*** Opening DATA FOR THIS EXERCISE ***

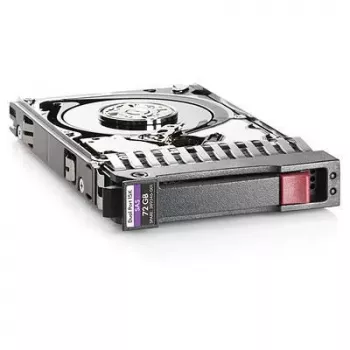 HPE HDD 1,2 TB 6G SAS 10K 2,5''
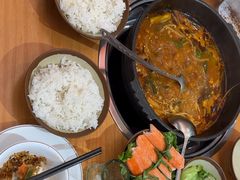 -黔三一夺夺粉酸汤火锅(百信店)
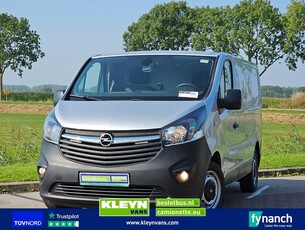 Opel VIVARO 1.6 cdti ecof 125 l1h1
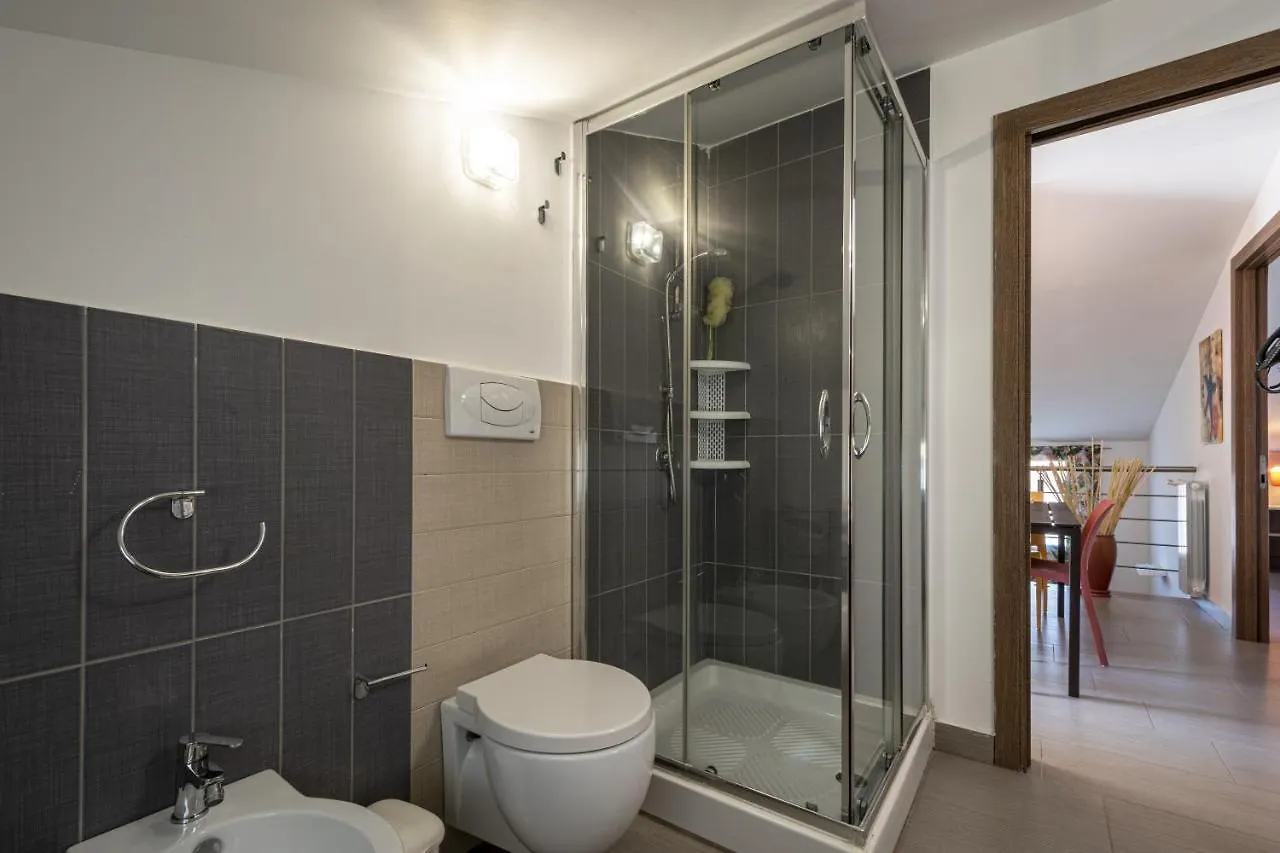 Borgo Aranci - Appartamento In Villa Rosa - 16B Castellammare del Golfo Apartment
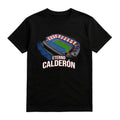 Camiseta Eterno Calderón retro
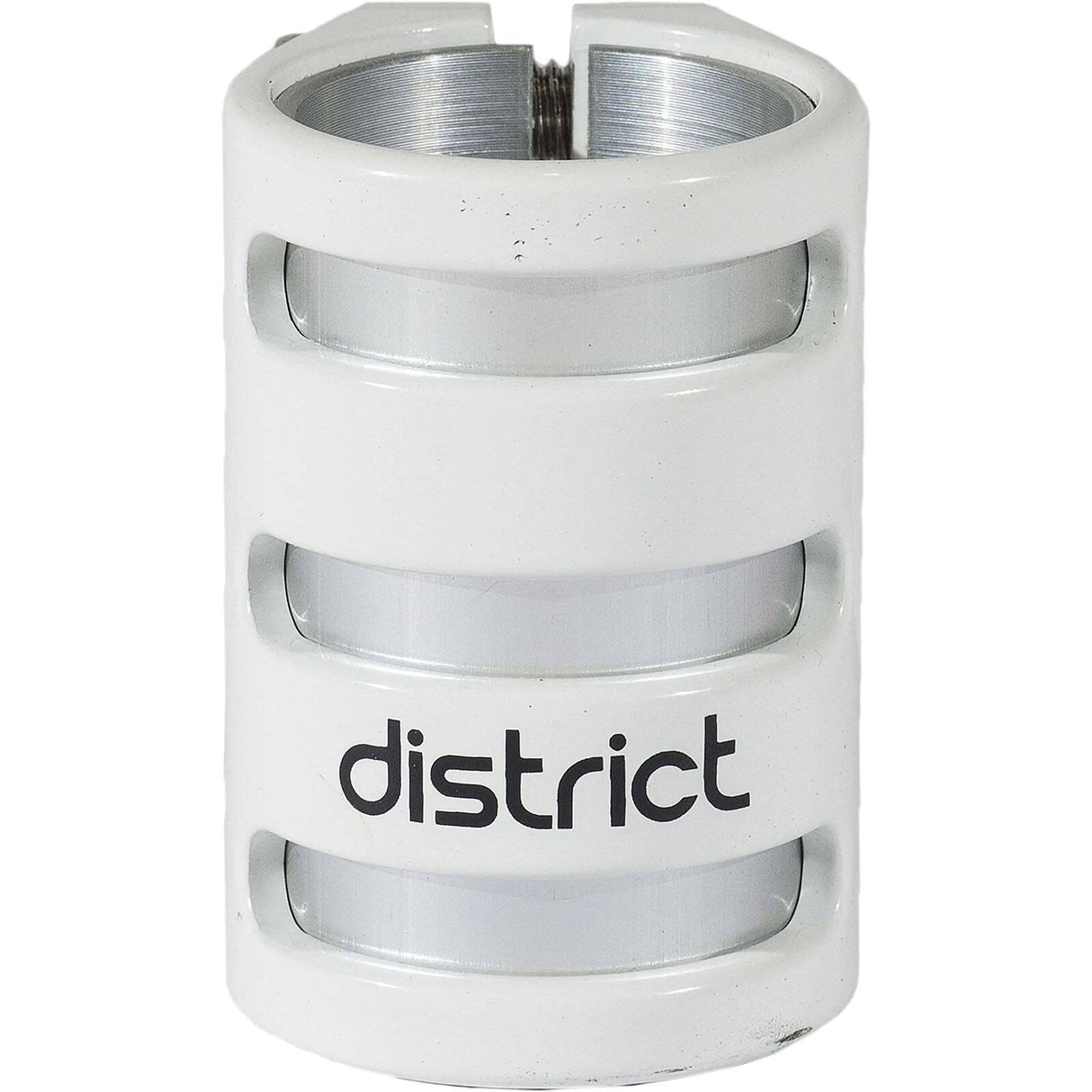 District S-Series TLC15 Scooter Clamp - Albine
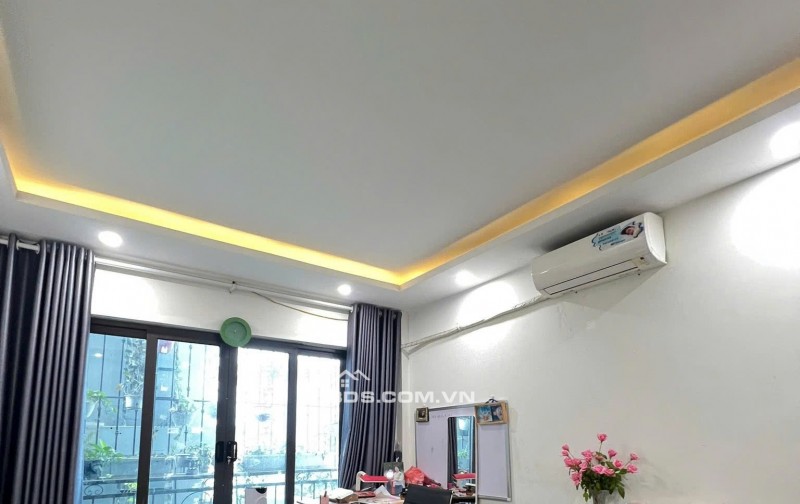 Hàng Xóm Khu Đô Thị Định Công ! Nhỉnh 9 Tỷ - Oto - Kinh Doanh - 2 Thoáng - 38m*6T.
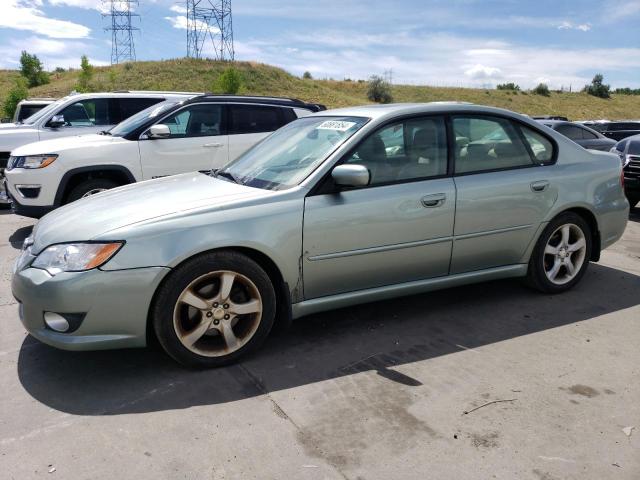 4S3BL626397220760 2009 Subaru Legacy 2.5I Limited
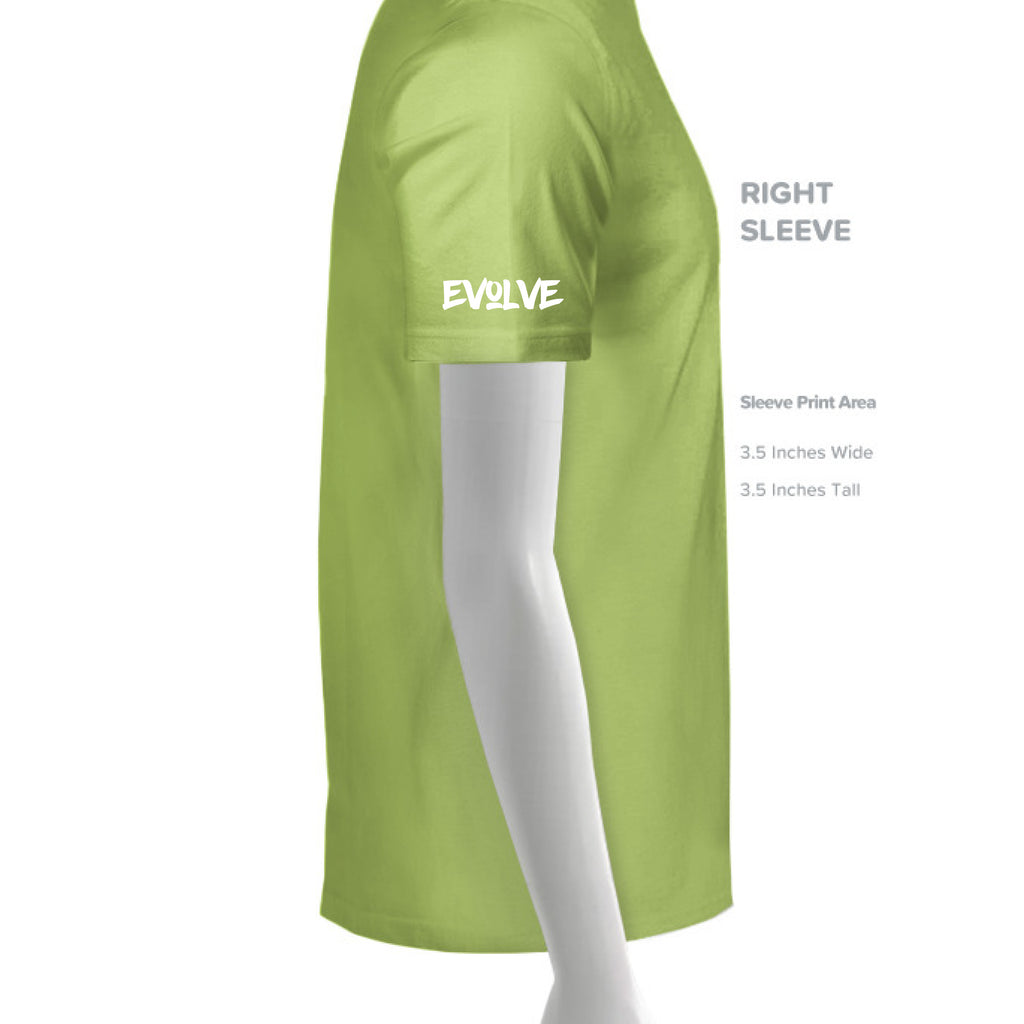 LIME GREEN - SLEEVE_RIGHT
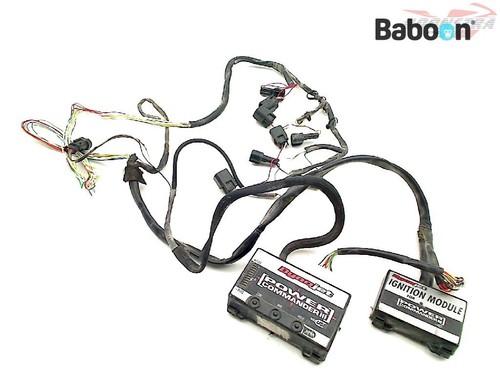 Power commander suzuki gsx - power, r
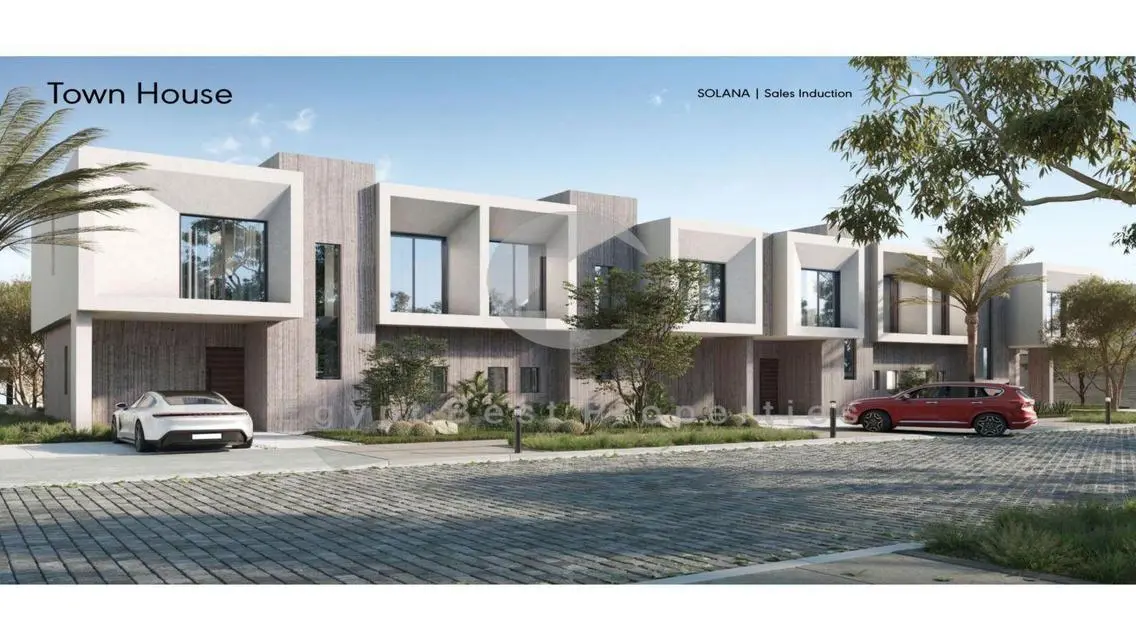 villa for sale in solana west | fully finished .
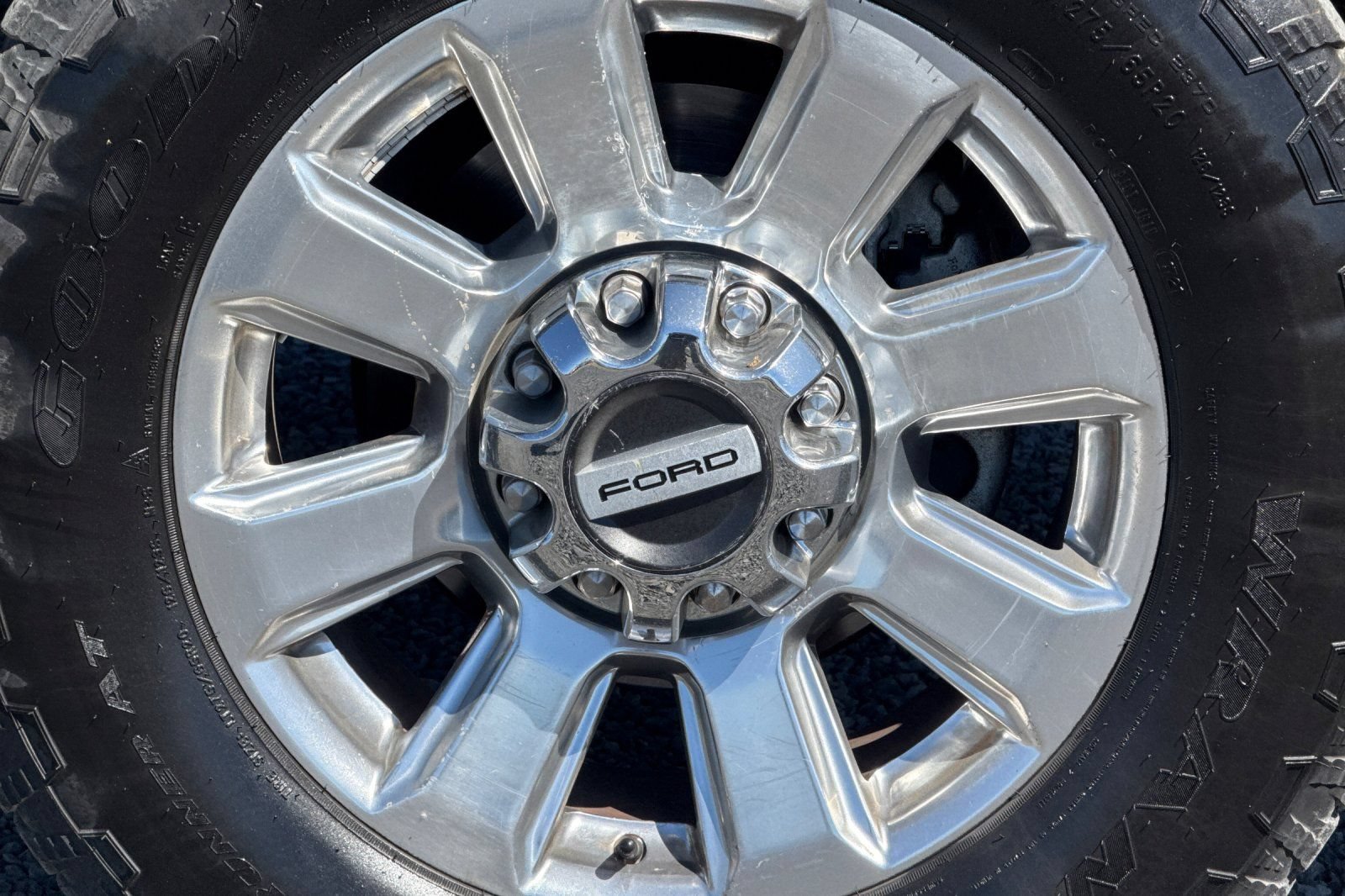Used 2017 Ford F350 Platinum AWD/4WD image 43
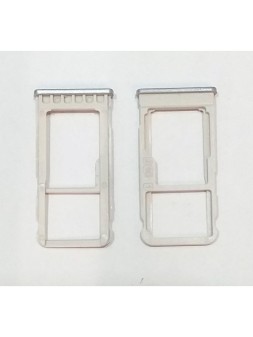 Soporte o bandeja sim plata para Nokia X5 2018 5.1 Plus TA-1109
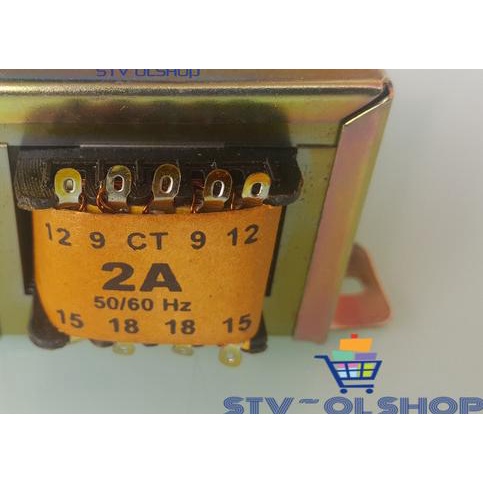 ☞ Trafo / Travo 2A CT NIKISAE ✭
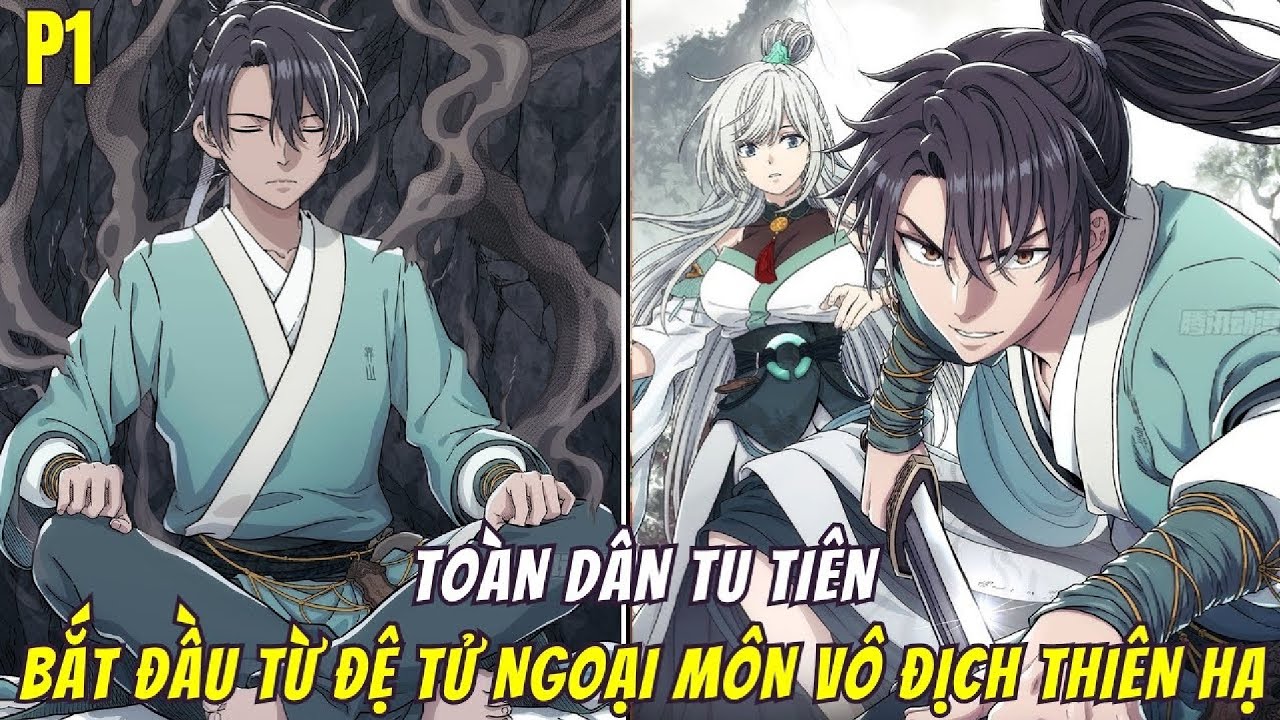 Dị Năng Tước Đoạt Thành Thần | Review Manhwa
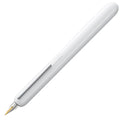 Stylo Plume Dialog Blanc Brillant Plume Or F LAMY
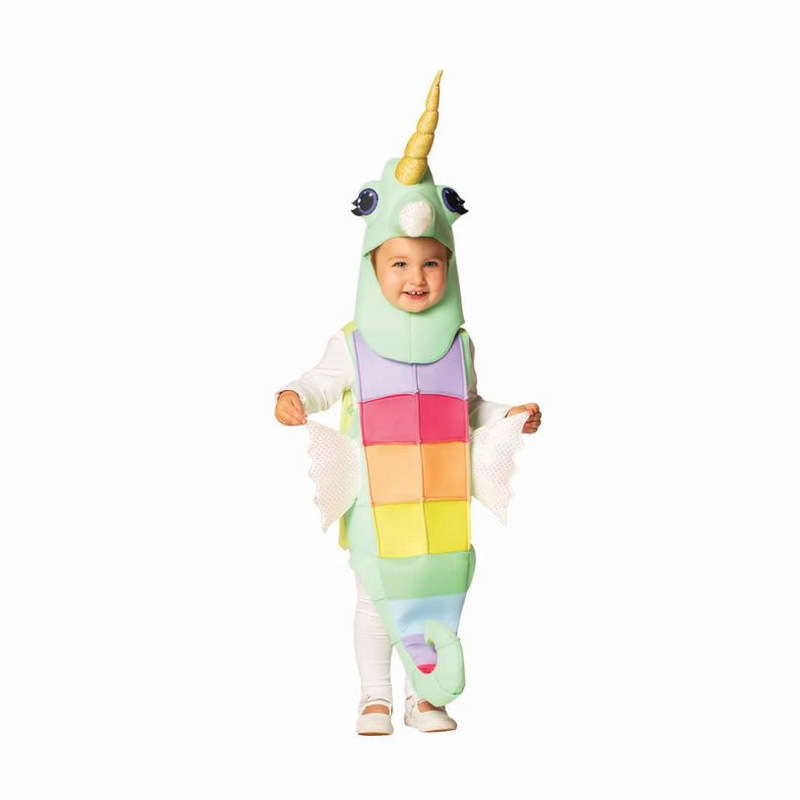 Magical Seahorse Child Costume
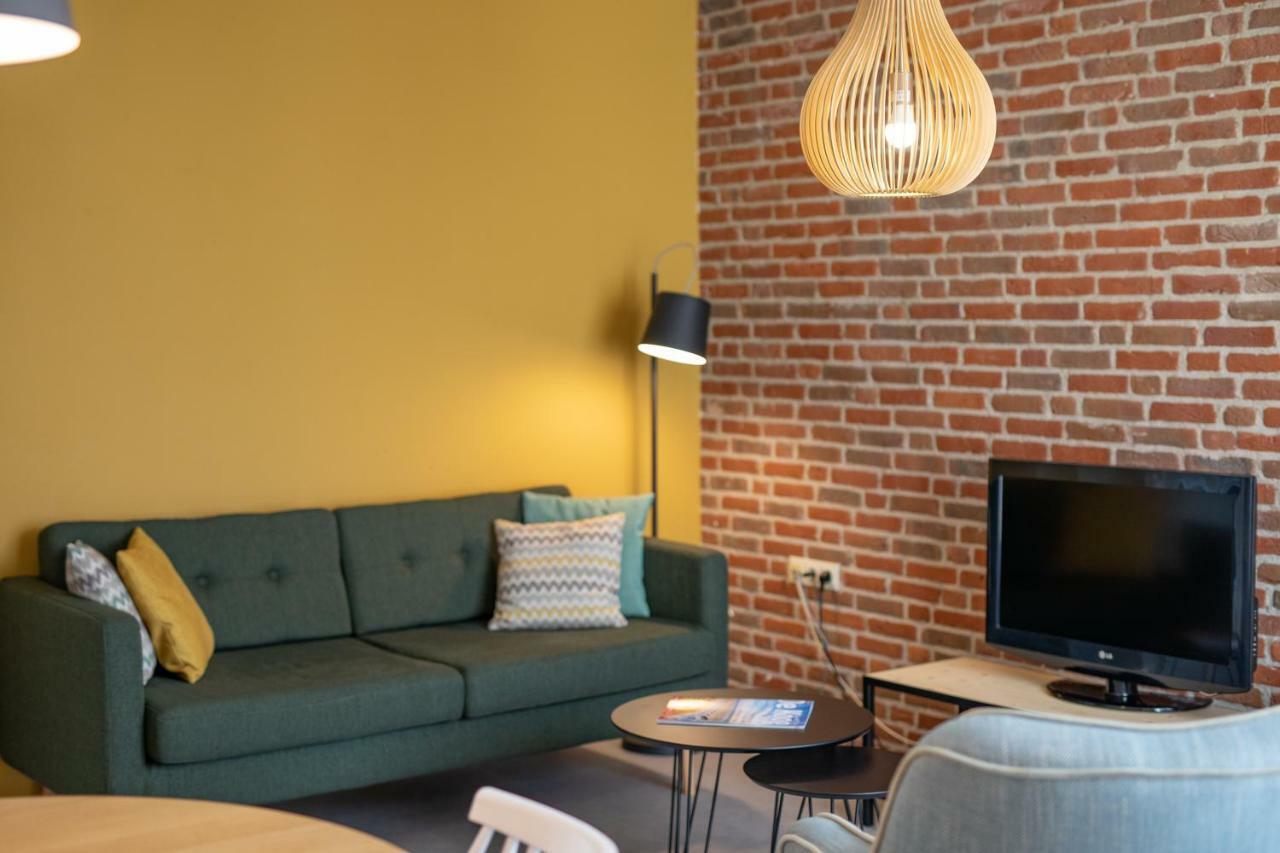 Appartementen Zeerust 데쿠크 외부 사진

*** Closing DATA FOR THIS EXERCISE ***

• TRY IT
Copy word for word the lines above, starting at the line containing "LIME GREEN - SLEEVE_RIGHT" and ending at the line containing "CT NIKISAE ✭", inclusive, with no pictures.

• RESPONSE
 LIME GREEN - SLEEVE_RIGHT
 Power commander suzuki gsx - power, r
 villa for sale in solana west | fully finished .
Used 2017 Ford F350 Platinum AWD/4WD image 43
 Soporte o bandeja sim plata para Nokia X5 2018 5.1 Plus TA-1109
 ☞ Trafo / Travo 2A CT NIKISAE ✭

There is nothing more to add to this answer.